Dapat dikatakan bahwa makin terkonsentrasi pada satu kelompok yang berjumlah sedikit pihak, maka risiko meningkat. Risiko berupa kemungkinan penarikan bernilai besar dalam waktu singkat. Biasa dikenal sebagai risiko DPK.
Dari ulasan di atas, distribusi DPK berdasar nominal selama beberapa tahun terakhir tampak makin terkonsentrasi. Kelompok > 1 miliar yang memiliki nilai simpanan sebesar 63,62% dari total DPK, hanya dimiliki oleh 0,18% dari total rekening. Meski tidak ada informasi resmi untuk publik, dapat diduga bahwa tiap pihak memiliki lebih dari satu rekening. Rata-ratanya diprakirakan lebih banyak dari kelompok ≤100 juta rupiah.
Umpama rerata satu pihak dari kelompok ini memiliki 6 rekening, maka nilai DPK itu hanya dimiliki oleh sekitar 100 ribu pihak. Bahkan, khusus kelompok >5 miliar yang menguasai 48,04% dari total DPK, hanya dimiliki oleh sekitar 18 ribu pihak.
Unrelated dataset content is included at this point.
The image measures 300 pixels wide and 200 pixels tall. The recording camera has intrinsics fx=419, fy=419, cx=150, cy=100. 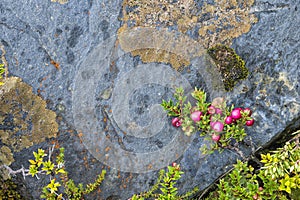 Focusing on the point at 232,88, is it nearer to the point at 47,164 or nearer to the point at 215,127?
the point at 215,127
Sayangnya, LPS tidak mempublikasi tentang distribusi DPK menurut kategori pemilik, seperti individu, perusahaan, lembaga, dan Pemerintah. Berdasar data 10 tahunan yang lalu, sekitar 56% rekening adalah rekening indivudu atau perorangan. Rekening pemerintah berporsi relatif kecil, dari sisi jumlah maupun nominalnya.
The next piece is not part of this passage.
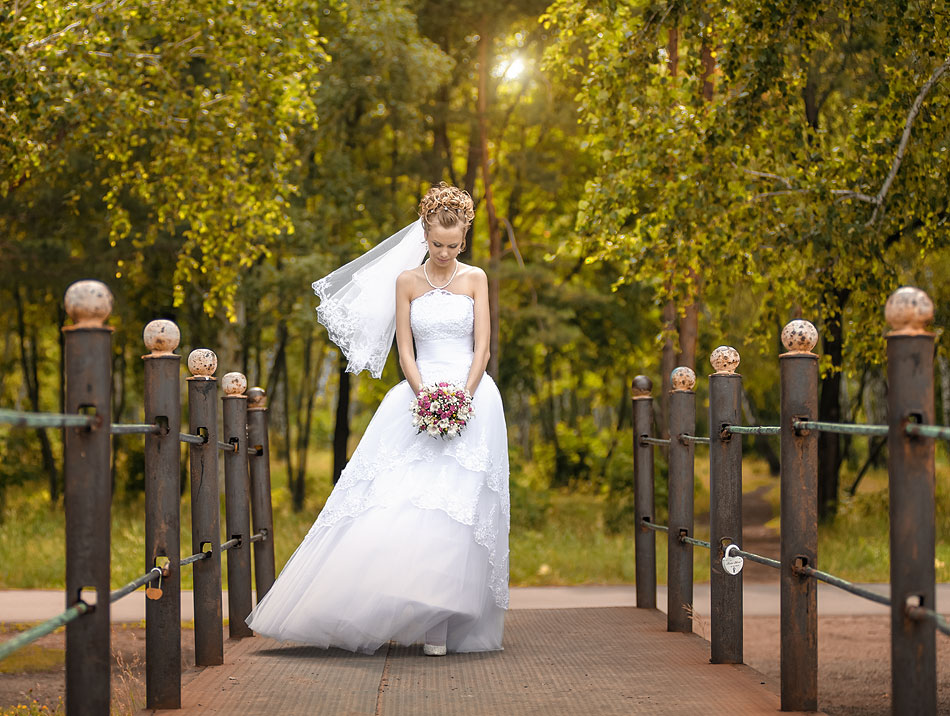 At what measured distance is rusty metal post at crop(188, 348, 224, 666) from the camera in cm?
468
Data distribusi DPK ini sebenarnya dapat digunakan sebagai salah satu indikator pemerataan atau ketimpangan ekonomi. Sifatnya sebagai data distribusi kekayaan. Contoh data distribusi kekayaan yang terkenal adalah yang dihitung dan dipublikasi oleh Credit Suisse, dengan cakupan jenis kekayaan yang lebih banyak. Dikenal pula indikator berdasar distribusi nilai pengeluaran, seperti Gini Rasio, Indeks Theil, Indeks-L, dan lain-lain. Dan ada pula indikator ketimpangan berdasar data pendapatan.
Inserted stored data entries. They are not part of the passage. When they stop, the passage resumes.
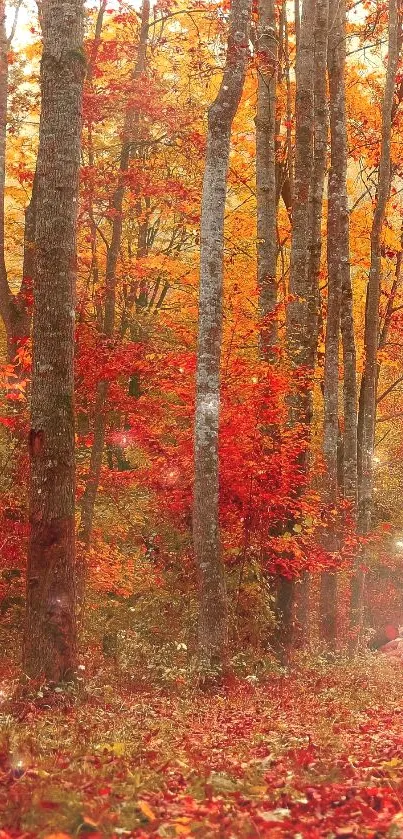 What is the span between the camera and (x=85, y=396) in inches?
715

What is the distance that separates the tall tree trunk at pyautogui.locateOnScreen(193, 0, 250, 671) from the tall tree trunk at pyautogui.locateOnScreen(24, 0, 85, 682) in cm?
277

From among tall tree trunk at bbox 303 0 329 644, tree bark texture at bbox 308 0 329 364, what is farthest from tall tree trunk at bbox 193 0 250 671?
tree bark texture at bbox 308 0 329 364

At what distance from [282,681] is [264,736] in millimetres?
5419

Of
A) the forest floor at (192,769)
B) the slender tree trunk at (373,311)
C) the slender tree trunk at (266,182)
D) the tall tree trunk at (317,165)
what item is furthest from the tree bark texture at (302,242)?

Analisis atau perspektif melihat data distribusi DPK dalam hubungannya dengan ketimpangan, perlu mengingat satu hal. Yaitu, kepemilikan perusahaan dapat dipastikan cenderung beririsan dengan kelompok perorangan dengan tier simpanan bernilai besar. Sederhananya, perusahaan lebih banyak dimiliki oleh kelompok tersebut.
Dalam contoh dua kegunaan data LPK di atas, tentu diperlukan data yang lebih terinci. Publikasi rutin LPS tiap bulan sebenarnya sudah cukup layak menjadi bahan analisis. Misal dapat ditelusuri lebih jauh tentang distribusi tier nominal tadi terkait rekening rupiah dan rekening valuta asing.
Berdasar data distribusi DPK dari LPS, secara umum penulis menilai ada indikasi peningkatan ketimpangan dalam hal kekayaan antar penduduk. Perlu menjadi pertimbangan dalam menentukan kebijakan ekonomi.